January 12, 2012 3:06 pm
Faith
I’m a Joburgian relocating to Cape town in a month time and I must say: that is Joburg in words!! I tried too…
January 12, 2012 3:10 pm
Roxy
I’m a born and bred jo’burger. Jo’burg will always have a special place in my heart. But i moved to cape town 5 years ago! One of the best things i’ve ever done! Would not want to go back!
January 12, 2012 4:02 pm
Keri
Nail on head. And that is why I live in the Midlands!
great descriptive piece of writing.
January 12, 2012 7:26 pm
Hail Mary
I swore I’d never read yr blog again, but it’s difficult when everyone is tweeting it.
Beautifully written, compelling, poignant, truthful, although could do with a spell check (the sub in me never dies). I like this…
January 12, 2012 10:32 pm
neill
I don’t know about this ‘poetic’ piece. I admire his use of non-existent words like cynicisization. If you going to be cynical, I think it’s key that you get your spelling and grammar correct otherwise you sound like a douche. If he doesn’t think a lot of this can be applied to Cape Town, then I think someone might have pulled the ‘vintage’ jersey wool over his eyes. Nothing like a stereotyping Cape Town hipster.
P.S I live in Cape Town
January 13, 2012 8:22 am
Zander (@@evalexandersa)
Neill, you beat me to it…however, apart from the 70% of Jo’burg omitted, it was fairly well pieced together, i am sure you family in perth love it.
I too live in Cape Town.
January 13, 2012 8:24 am
Jared
An interesting piece, but having come right back from Bangkok a few days ago, JHB is a pussycat.
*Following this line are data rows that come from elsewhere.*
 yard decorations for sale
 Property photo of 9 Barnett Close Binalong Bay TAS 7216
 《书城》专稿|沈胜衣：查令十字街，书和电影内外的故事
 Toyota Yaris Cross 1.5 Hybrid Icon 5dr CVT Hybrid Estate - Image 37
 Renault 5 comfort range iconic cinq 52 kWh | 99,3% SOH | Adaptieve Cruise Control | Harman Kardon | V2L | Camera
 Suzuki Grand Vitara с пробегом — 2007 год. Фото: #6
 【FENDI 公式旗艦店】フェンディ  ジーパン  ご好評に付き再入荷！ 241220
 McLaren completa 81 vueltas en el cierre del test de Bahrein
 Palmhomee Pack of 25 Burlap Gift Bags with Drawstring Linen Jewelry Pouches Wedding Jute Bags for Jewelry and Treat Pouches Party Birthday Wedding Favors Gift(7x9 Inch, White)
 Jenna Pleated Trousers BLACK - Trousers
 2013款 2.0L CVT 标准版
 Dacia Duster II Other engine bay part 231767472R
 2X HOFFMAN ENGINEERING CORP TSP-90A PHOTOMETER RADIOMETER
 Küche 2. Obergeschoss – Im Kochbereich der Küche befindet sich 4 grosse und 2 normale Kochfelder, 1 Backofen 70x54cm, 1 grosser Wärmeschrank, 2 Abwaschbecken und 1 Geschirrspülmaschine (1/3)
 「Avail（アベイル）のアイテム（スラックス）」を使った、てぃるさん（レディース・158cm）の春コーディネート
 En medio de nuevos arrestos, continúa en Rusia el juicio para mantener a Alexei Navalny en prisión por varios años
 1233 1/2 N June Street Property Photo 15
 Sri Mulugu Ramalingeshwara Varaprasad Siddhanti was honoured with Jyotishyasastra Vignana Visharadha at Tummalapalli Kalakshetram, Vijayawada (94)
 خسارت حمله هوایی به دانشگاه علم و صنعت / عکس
Commercialism and first world consumerism have barely begun to permeate the surface of our little league ‘in utero’ city.
All in all a well written piece, but it just doesn’t sit with what my view on what JHB truly is at all.
January 13, 2012 9:14 am
Why Call It Anything (@http://twitter.com/ycallitanything)
http://whycallitanything.blogspot.com/2012/01/joburg-i-dont-need-to-try-to-love-you.html
January 13, 2012 9:40 am
Danielle (@@daniellevermaak)
I love this piece, but because I love Jo’Burg.
It describes this crazy place I call home perfectly. Its imperfect, just like everyone on this earth. It’s pulse beats strong like the people that live here. I say embrace this city because its a beautifully chaotic place, a symbol of life. The fact that you are trying to love and understand Jo’burg, means you’ll see the beauty within its concrete walls sooner than the ignorant and unenthusiastic…
January 16, 2012 9:57 am
Nadine Theron (@@NadineTheron)
As a Joburgian relocated to Cape Town, I can say that it takes more than sitting back smugly to love a city. A year ago I wrote something very similar about Cape Town and its trust fund freelancers and unimpressed audiences. Now I never want to leave. But I travel to Joburg about once a month and every time I’m there I realise that although I enjoy living in Cape Town more, I can’t take it’s inhabitants seriously. Joburg is gritty and real. Something to do with shadows allowing you to see the light.